Bosman Kararlarıyla önemli liglerdeki yabancı sayısına baktığımızda örneğin İngiltere’de ortalama yabancı futbolcu sayısı 20, İtalya’da 14, Fransa’da 11, Almanya’da 15, İspanya’da 12 ve Türkiye’de ise 6’dır. Sonuçlara göre İngiltere ülkelerarası futbolcunun özgürce dolaşmasından en çok yararlanan ülke olmuştur (Doruk ve Şenduran, 2006:147). Yani kulüpler diğer ekonomik sektörlerde olduğu gibi futbolcu ithalatını ve ihracatını gerçekleştirmektedir. Bu da futbolun endüstriyel bir sektör olarak yatırımlarını ne yönde yaptığını daha görünür kılmaktadır (Süzer, 2002). İngiliz kulüplerinde yabancı sayısının fazla olmasının altında yatan neden kulüplerin son birkaç yıldır en önemli yatırım kapısı olarak yabancı sermayeyi görmeleridir. Portekiz, Hollanda, Fransa gibi ülkelerin kulüpleri gelecek vaat eden G. Amerika ve Afrikalı oyuncuları ucuz bedeller karşılığında almakta ve daha sonra yüksek kâr oranlarıyla satmaktadır. Her iki yatırım şeklindeki temel prensip kulüplerin kasaya konulacak parayla sportif başarıyı yakalamak istemesi yer almaktadır. Bu süreçte kulübün pazar değeri ve kazandığı paranın miktarı, sportif başarının derecelerini belirlemektedir (Çetin, 2009:20). Ama bu süreçte İngiliz futbolunun gelişmesinden sorumlu Trevor Brooking kulüpleri yabancı sermayeye karşı uyarmaktadır. İngiliz futbolu için bu gelişmelerin iyi bir gidişatı getirmeyeceğini vurgulayan Brooking; 1992’de başlayan Premier Lig’de İngiliz futbolcuların oranı %76 olarak yer alırken bu oran bu yıl ilk hafta maçları itibariyle %36 seviyesine düşmüştür (Çetin, 2008:52).

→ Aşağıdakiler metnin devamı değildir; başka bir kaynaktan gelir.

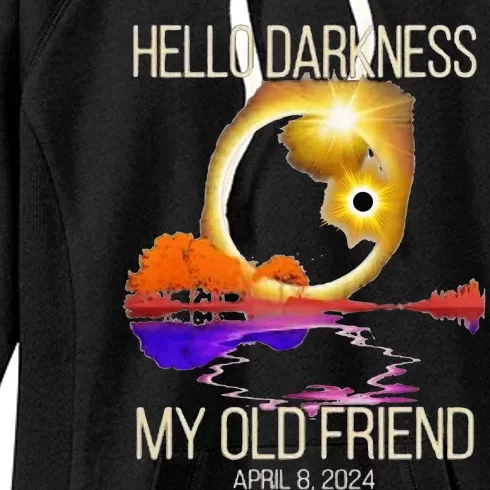 Hello Darkness My Old Friend Solar Eclipse April 08 2024 Women's Fleece Hoodie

UEFA başkanı Michael Platini kulüplerin oyuncuları birer yatırım aracı olarak görmelerinin sakıncalarını Türkiye’deki takımlar üzerinden şu şekilde açıklamaktadır: “Örneğin İstanbul’un Anadolu yakası ile Avrupa yakası maç yaptığında Galatasaray ya da Beşiktaş, Fenerbahçe’ye karşı diyebilmeliyiz. Beşiktaş sokaklarında top oynayan gençler

Beşiktaş’ta forma giymeli. 11 Brezilyalı Fenerbahçe forması, 11 Arjantinli Galatasaray forması giyerse bu aynı şey olmaz. Taraftar burada kendini özdeşleştirecek bir şey bulamaz” demiştir (Erten, 2007:72). Ülkelerdeki yabancı oranlarının futbolda bir tektipleştirme yaratacağını Authier; “Modern futboldaki ticari küreselleşme aslında sahte bir kozmopalitizmden başka bir şey değildir ve ayrı futbol özellikleri can sıkıcı bir tektiplik kalıbına dökülüp yok edilmektedir. Ekonomide küreselleşme sporda tektipleşmeye yol açmaktadır. Birkaç istisna dışında, Avrupa’nın büyük takımları bugün aynı taktik şemalara göre oynamaktadır” şeklinde dile getirmektedir. Örneğin İngiliz uzun paslara dayalı yüksek top mücadeleleriyle ayırt edilir; İtalyan futbolu savunmasının sertliği ve top geçirmemesiyle ünlüdür; Brezilyalıların oynadığı samba futbolu ise tüm dünyaya yayılmıştır. Bu farklı oynama biçimleri artık düzenin içinde erimekte ve yok olmaktadır (Authier, 2002:42-43).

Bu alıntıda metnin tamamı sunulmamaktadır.